DOES THE CURRENT TENDENCY TOWARDS DISPOSABILITY IN MUSIC MEAN THAT IT STILL HAS THE POWER TO ADDRESS SERIOUS ISSUES?
DJ VADIM: Definitely - ALICE RUSSELL: I think so. - DJV: Well, look at that song by Eminem, where he was talking about Bush and stuff. Obviously the whole media and TV are in bed with Bush and the Republican government, and the biggest selling rap artist in America has come out against it. It was just a huge controversy and people were saying how wrong he was, on TV, in forums, everywhere... He made a song about the current state of affairs in America and look what happened.
DO YOU THINK IT LED TO ANY SORT OF MASSIVE CHANGE FOR PEOPLE?
DJV: I think he is part of a movement that made people think more.
DO PEOPLE NEED TO BE MADE TO THINK MORE?
OMAR: Things like Pop Idol have really pushed the element of mediocrity in regards to pop music, and audiences are coming to accept the idea of being told they’re that dumb. - A.R: It’s just plasticness everywhere. It’s all about getting a bit of rawness instead of the overly pre-meditated stuff we hear so much of. Some people are so well packaged and thought out. That style of doing things, I hate it. - O: I loved it when So Solid Crew came out of nowhere. I loved that because you could just see people were like..... - A.R: ‘What the fuck?’ - O: Like the way they said that Lily Allen thing was because of myspace, and even Gnarls Barkley. The way it’s been sold to us was as loads of internet downloads, but the reality was an office full of people working away...
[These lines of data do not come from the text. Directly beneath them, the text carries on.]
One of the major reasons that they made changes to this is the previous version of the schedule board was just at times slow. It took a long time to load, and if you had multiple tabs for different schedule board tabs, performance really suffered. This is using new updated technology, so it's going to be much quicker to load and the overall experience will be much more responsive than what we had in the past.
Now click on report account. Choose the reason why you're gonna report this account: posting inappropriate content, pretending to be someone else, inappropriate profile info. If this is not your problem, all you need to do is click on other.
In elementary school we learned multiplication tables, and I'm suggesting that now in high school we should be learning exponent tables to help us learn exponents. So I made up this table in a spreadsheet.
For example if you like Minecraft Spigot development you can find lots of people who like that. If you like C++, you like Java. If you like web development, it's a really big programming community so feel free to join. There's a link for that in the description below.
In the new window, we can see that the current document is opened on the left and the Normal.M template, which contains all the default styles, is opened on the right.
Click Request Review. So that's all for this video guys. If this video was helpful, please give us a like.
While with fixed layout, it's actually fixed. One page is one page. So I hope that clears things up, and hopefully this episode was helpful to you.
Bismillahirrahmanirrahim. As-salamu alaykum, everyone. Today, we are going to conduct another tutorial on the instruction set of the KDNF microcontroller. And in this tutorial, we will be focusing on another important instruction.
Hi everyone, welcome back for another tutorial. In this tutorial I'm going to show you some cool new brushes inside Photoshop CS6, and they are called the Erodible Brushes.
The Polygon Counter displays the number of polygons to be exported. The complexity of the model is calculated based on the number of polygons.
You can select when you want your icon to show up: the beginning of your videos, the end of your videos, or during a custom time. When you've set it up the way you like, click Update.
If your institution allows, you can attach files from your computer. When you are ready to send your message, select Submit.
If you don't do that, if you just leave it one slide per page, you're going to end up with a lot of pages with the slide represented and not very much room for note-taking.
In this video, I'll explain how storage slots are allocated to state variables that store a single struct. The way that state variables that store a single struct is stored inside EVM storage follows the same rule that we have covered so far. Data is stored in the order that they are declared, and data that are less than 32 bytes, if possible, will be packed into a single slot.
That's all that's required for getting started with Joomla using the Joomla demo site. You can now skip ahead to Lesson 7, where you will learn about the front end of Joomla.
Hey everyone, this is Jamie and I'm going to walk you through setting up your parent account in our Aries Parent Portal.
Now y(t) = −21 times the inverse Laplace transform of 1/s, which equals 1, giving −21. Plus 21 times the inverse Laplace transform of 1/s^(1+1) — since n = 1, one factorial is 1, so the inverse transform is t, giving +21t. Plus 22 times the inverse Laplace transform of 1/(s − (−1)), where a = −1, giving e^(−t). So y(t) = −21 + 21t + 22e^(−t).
200,000 HITS ON MYSPACE DOESN’T NECESSARILY MEAN MORE SALES...
O: I want to testify to that! - Ty: Hallelujah! - DAWN PENN: It’s almost like a separate universe that yeah you might be successful in but does it relate to the real world? - A.R: That’s where you hope truth will out. It’s do your thing, do it right. Don’t sit down and just hope it will come out.
BUT WE’VE GOT SOME GREAT ARTISTS HERE LIKE PLAN B, FOREIGN BEGGARS AND
MANY MORE WHO NEVER QUITE BREAK THROUGH IN THE WAY THAT SOME PEOPLE
THINK THEY SHOULD...
D.P: It’s a problem if you’re an English artist rapping like you’re from America. I have no time for that. I have no idea why they’re doing this. Someone like Plan B might be lucky in that case. - O: The problem we have is a ceiling in regards to how far you can go, and you get to a certain point, where there’s a bottleneck. One of them is Radio One and Jo Wiley. If she plays your stuff, other people are going to pick it up, and if she doesn’t, they don’t, and it just shows how tight it all is. - T: But don’t you find that we’ve got this opportunity now because of satellite TV, satellite radio, internet radio, myspace, and all this other stuff, that there’s so many other platforms for you to be able to promote your music? Fuck Radio One, fuck XFM, fuck all these people that want us to get onto their playlist! - A.R: It’s like a crazy little club, isn’t it? - T: There’s no control over a lot of these other platforms though, and it is a little bit harder in a sense, but, at the same time I’m here
and a lot of music we listen to now just doesn’t seem compromised to me. Before, it was so totally compromised, someone used to say ‘play that’ and ‘it’s going to go on this program at this time,’ whereas now people are just doing what the fuck they want, you know what I mean? And some of it’s going to be cack of course, but there’s going to be a lot of good shit there too.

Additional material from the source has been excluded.